# [Exercise requirements]
Your task is to copy the stretch of lines in the records below that begins with the line containing "5X11/16 STIKIT FINISHING" and ends with the line containing "ReplicaDesignerBags 05YA2442", exactly as written, with nothing added.
*** Task input ***
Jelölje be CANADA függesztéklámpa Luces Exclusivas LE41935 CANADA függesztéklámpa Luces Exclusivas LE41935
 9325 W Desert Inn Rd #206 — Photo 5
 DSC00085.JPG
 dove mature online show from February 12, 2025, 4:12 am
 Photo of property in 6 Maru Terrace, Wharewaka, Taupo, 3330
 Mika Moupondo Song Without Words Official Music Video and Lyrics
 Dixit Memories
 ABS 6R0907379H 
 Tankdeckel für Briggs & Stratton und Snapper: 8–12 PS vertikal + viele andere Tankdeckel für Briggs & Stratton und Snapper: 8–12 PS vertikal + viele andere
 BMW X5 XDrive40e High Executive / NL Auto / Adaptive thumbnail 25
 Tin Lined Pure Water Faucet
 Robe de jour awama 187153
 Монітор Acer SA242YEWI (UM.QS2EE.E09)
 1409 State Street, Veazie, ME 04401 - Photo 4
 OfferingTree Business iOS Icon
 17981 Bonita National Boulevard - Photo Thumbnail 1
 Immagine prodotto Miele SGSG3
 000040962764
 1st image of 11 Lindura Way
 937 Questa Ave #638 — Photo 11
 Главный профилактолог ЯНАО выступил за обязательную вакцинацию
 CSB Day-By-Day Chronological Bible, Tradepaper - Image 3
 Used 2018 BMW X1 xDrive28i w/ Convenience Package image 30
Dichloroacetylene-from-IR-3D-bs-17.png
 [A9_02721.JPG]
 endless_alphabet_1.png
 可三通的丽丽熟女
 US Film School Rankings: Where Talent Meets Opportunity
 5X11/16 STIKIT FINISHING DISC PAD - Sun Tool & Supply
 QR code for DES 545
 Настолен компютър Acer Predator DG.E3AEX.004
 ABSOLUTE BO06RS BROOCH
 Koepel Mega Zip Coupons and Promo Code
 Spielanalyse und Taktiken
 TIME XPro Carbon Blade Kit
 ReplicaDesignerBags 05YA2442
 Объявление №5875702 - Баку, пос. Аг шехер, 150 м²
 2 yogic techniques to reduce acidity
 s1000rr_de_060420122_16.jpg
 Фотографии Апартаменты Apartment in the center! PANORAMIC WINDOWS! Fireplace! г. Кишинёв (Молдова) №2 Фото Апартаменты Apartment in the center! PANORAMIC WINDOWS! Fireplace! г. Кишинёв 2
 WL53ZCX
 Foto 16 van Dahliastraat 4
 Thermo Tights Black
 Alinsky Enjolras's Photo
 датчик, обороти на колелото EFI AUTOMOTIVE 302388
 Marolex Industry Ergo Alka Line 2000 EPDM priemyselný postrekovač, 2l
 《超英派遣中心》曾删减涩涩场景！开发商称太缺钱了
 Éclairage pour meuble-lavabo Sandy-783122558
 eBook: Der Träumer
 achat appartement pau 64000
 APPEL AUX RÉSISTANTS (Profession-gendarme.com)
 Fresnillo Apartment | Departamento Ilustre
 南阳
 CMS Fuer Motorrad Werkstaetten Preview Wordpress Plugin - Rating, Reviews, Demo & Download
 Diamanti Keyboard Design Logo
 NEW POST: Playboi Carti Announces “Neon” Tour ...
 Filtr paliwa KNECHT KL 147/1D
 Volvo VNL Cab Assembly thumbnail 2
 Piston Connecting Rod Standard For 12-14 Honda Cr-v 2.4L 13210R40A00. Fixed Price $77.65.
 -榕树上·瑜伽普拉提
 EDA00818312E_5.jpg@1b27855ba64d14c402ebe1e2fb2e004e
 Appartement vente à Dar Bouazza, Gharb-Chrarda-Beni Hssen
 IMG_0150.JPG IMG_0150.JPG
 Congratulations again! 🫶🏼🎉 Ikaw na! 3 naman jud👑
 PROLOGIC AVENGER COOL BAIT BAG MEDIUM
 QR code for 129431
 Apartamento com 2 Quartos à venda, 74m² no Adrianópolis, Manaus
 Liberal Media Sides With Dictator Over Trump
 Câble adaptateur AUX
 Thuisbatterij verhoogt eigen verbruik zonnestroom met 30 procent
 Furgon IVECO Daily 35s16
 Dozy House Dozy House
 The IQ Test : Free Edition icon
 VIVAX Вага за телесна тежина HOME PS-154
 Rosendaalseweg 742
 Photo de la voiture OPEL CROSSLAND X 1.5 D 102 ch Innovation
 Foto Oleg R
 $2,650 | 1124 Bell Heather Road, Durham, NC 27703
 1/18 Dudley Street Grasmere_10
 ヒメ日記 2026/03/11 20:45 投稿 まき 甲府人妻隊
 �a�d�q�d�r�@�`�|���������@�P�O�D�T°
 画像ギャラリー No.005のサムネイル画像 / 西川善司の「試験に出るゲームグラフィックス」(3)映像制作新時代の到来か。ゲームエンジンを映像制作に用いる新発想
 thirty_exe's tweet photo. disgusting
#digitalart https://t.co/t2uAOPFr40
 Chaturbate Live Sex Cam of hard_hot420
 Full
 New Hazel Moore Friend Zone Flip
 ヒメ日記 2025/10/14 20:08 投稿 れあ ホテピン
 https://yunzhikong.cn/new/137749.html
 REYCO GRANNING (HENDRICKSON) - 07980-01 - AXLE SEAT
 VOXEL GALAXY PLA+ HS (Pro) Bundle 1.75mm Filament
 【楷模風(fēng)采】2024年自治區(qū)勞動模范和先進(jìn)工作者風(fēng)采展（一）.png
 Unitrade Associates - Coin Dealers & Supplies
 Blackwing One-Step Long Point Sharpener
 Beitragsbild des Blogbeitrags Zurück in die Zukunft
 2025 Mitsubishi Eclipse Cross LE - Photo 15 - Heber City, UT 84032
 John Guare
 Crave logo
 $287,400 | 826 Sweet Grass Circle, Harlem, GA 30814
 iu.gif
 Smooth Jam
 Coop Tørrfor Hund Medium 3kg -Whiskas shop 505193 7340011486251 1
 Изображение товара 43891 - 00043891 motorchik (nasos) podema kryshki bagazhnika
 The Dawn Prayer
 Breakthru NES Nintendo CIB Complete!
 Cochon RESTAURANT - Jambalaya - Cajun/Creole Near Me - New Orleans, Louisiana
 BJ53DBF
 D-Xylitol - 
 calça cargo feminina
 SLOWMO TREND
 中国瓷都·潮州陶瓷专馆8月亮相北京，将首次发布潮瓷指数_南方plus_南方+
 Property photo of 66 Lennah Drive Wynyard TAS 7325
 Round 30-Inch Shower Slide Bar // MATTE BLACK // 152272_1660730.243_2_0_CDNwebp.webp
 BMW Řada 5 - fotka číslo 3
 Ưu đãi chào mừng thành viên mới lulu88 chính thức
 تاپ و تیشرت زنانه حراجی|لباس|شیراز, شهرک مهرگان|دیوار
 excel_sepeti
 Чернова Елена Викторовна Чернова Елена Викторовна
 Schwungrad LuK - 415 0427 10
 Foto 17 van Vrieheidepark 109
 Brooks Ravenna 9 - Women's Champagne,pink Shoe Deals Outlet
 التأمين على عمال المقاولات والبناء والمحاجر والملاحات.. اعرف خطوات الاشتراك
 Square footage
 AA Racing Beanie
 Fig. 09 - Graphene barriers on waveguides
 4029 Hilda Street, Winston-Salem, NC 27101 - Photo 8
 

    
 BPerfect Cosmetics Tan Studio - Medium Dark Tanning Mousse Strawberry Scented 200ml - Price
*** End of Task input ***
# [Exercise response]
 5X11/16 STIKIT FINISHING DISC PAD - Sun Tool & Supply
 QR code for DES 545
 Настолен компютър Acer Predator DG.E3AEX.004
 ABSOLUTE BO06RS BROOCH
 Koepel Mega Zip Coupons and Promo Code
 Spielanalyse und Taktiken
 TIME XPro Carbon Blade Kit
 ReplicaDesignerBags 05YA2442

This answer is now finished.